“Phantom Thread” begins with good grooming. That might be praiseworthy and, with another actor, it might perilously border on vanity, but under the careful gaze of director Paul Thomas Anderson (“There Will Be Blood” and “Inherent Vice”), Daniel Day-Lewis is a man imprisoned by ritual. “Phantom Threat” is about the man, his muse and the savior-complex with a twist of masochism.
Set in post-war London in the 1950s, the movie focuses on a renowned high-end London dressmaker, Reynolds Woodcock. Reynolds dresses movie stars, heiresses, socialites, debutants and dames on the wrong side of drink. He is the House of Woodcock’s creative center while his sister, Cyril (Lesley Manville) is the business manager. Oh, the ties that bind! They were taught their craft by their mother who, though dead, hovers over them still connected by the threads of imagination and memory. Reynolds sewed his mother’s wedding dress when she remarried. When she reappears to Reynolds, it is always in that dress that was Reynolds’ first inspiration, but also allegedly a curse on the unmarried women who helped sew it. Those women like Cyril would never marry.
When asked, Reynolds himself will allow, ” I’m certain I was never meant to marry. I’m a confirmed bachelor. I’m incurable.”
Creativity might suffocate under too many restrictions and Reynolds requires a muse. We see the last one at breakfast. She is past her expiration date and Cyril, in a tone that speaks of experience to the point of ingrained habit, tells Reynolds she will take care of this one. Out of pity dyed with impatient efficiency, Cyril claims she doesn’t want to watch the girl hopelessly attempt to win Reynolds’ love back.
Reynolds must, however, find a new muse. To that end, he goes out of London and into the country and picks up a young waitress (Vicky Krieps). She is flattered by his attention. He takes her to fine dining and finally to his country house where he asks her to undress. Yet before any seduction, and the woman, Alma (which in Spanish means “soul”), must be measured and Cyril pops in–unexpected by Alma, but not by Reynolds. Cyril takes down the measurements, ones more detailed than the usual bust-waist-hip vital statistics.

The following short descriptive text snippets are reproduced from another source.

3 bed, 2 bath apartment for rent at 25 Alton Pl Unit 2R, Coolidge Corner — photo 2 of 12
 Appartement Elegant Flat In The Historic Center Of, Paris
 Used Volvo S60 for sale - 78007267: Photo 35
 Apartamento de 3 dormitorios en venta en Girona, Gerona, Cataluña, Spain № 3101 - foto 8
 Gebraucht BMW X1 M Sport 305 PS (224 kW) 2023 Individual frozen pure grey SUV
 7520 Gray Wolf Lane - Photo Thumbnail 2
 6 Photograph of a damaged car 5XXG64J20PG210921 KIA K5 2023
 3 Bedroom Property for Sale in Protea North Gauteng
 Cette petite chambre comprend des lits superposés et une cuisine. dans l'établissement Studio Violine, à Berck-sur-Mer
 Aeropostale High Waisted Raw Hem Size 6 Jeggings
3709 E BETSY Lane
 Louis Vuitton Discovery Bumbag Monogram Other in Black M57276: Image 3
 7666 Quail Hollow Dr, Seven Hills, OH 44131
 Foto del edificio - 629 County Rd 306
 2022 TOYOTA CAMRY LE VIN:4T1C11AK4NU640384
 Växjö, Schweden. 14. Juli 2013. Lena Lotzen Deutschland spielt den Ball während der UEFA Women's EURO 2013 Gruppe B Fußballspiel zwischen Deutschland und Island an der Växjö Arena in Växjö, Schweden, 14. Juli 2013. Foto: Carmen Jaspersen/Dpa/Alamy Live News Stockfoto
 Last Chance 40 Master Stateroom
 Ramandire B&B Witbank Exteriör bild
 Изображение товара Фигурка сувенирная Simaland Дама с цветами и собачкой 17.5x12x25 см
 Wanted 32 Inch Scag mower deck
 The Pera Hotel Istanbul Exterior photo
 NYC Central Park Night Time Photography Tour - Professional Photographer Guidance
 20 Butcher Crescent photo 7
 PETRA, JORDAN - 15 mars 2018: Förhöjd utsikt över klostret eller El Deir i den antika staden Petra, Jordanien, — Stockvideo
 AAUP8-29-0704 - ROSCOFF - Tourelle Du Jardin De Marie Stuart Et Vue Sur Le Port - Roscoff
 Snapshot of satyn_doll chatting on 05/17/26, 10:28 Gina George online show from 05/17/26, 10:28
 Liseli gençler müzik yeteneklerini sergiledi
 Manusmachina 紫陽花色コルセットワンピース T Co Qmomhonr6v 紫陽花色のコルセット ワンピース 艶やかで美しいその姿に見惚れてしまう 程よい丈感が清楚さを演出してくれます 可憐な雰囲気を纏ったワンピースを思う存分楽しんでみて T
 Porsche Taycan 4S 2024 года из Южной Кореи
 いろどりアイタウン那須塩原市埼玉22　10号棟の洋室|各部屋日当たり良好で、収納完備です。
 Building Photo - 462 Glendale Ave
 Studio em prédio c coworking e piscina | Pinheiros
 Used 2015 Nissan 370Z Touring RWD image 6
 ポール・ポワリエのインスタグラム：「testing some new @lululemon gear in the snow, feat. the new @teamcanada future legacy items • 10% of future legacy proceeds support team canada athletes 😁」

Alma becomes first Reynolds’ muse, then his lover and then an assistant. In this very practical household, everyone must work and Alma sometimes assists with the cooking. Alma gets used to the fine dinners, the fine dresses and yet is not so impressed by the behavior of the rich and boorishly drunk. She is more than a muse, she becomes a protector of the House of Woodcock and seems unaware that her time is coming to an end. When she does, she clings to her dreams because “Reynolds has made my dreams come true. And I had given him what he desires most in return….Every piece of me.”
From Jonny Greenwood’s music, to the direction, writing and cinematography by Anderson to the editing by Dylan Tichenor to the costumes by Mark Bridges, this is a beautifully made tailored piece about obsession and design. Sewing geeks can appreciate the care of each stitch and detail such as the wedding dress interview. For those who know fine lace (handmade from Europe) or, like myself, made their own wedding dresses, some of the details are swoon-worthy. The soundtrack moves us in what appears to be a period piece of manners and never overtly suggests the psychological drama. That comes as a subtle surprise, but not one unfairly sprung upon the audience. Shouldn’t we always have wondered: What happens when the muse is not amused?
In Anderson’s “Phantom Threat,” the savior complex is pulled from the romance drama where the woman is neither savior or saved and made into something less savory. Have we questioned what the win is for the woman? Anderson provides an answer.
The role of Reynolds Woodcock is a triumph for Daniel Day-Lewis and together with Lesley Manville and Vicky Krieps a creepy ménage à trois has been sewn together. There will be no blood, but there will be maneuvering for control like a Machiavellian minuet. “Phantom Thread” is both lovely and disturbing and there’s not a note, step or stitch out of place.